Another staff member, who worked at AirSlate till the war started, confirmed to AIN.Capital that the decision to leave the company was connected to its management stance on the Russian office:

“The only reason to go was that despite numerous appeals from the staff to shut down the Russian office, Borys Shakhnovych and Vadym Yasinovsky publicly stated that they support all the team members from Ukraine and Russia and that they are not going to fire the Russian employees. Anyone who does not agree with that should not work at an IT company and should join the political party instead.“

There are team members who speak in support of the company. For example, the DOU discussion featured some comments on “unhelpful hate” toward AirSlate, for the company has blocked Russian users, makes donations, and helps its team.

“It is beginning to look like a completely vatnic company [Editor’s note: vatnic is a supporter of Russian propaganda), and in fact, it just is not so,“ says another AirSlate employee.

AirSlate does help its team and donates money for humanitarian efforts. According to the company’s statement, it has donated more than two million since the war started.

What are AirSlate’s plans

The company still has the Russian entity ООО «СПБ ФИЛЛЕР» with a revenue of 165.9 million rubles in 2021. The AirSlate management says that it is in the shutdown process. But it does not mean that the company won’t have staff in Russia anymore.

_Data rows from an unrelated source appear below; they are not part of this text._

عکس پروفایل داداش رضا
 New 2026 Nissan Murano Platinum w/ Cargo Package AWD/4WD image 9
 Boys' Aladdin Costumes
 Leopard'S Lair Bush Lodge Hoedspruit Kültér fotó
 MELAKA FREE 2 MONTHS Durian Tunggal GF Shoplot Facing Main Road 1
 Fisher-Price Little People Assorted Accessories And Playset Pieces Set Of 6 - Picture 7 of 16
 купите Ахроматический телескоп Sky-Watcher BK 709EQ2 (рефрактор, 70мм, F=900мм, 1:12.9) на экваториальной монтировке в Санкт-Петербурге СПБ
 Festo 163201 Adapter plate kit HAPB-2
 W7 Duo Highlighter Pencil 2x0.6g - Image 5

Answering AIN.Capital’s question, the company stated that, in fact, ‘there is a very few developers in Russia, less than 2% of the company.’ There are 900 people working at AirSlate, according to its website, so 2% means a couple of dozen work there. Before the war, the headcount was higher, up to 50 people. Some sources say that Russian team members were partly relocated to other countries.

“As a company, we have decided to limit our involvement with the Russian Federation, and are in the process of ceasing business operations there,“ said the company representative.

But Russian staff will remain — it is a matter of principle. Dozens of people keep working at AirSlate and paying taxes there. The company’s management believes that not all Russians are the same and that the amount of taxes paid in Russia is disproportionate to what the company is contributing to Ukraine through taxes, salaries, and donations.

After the talk of AIN.Capital with the company, its management held another call with the whole team. They were once again reminded that it is forbidden to talk to the press, and they have to stop discussing the shutdown of the Russian office and the layoff of the Russian team.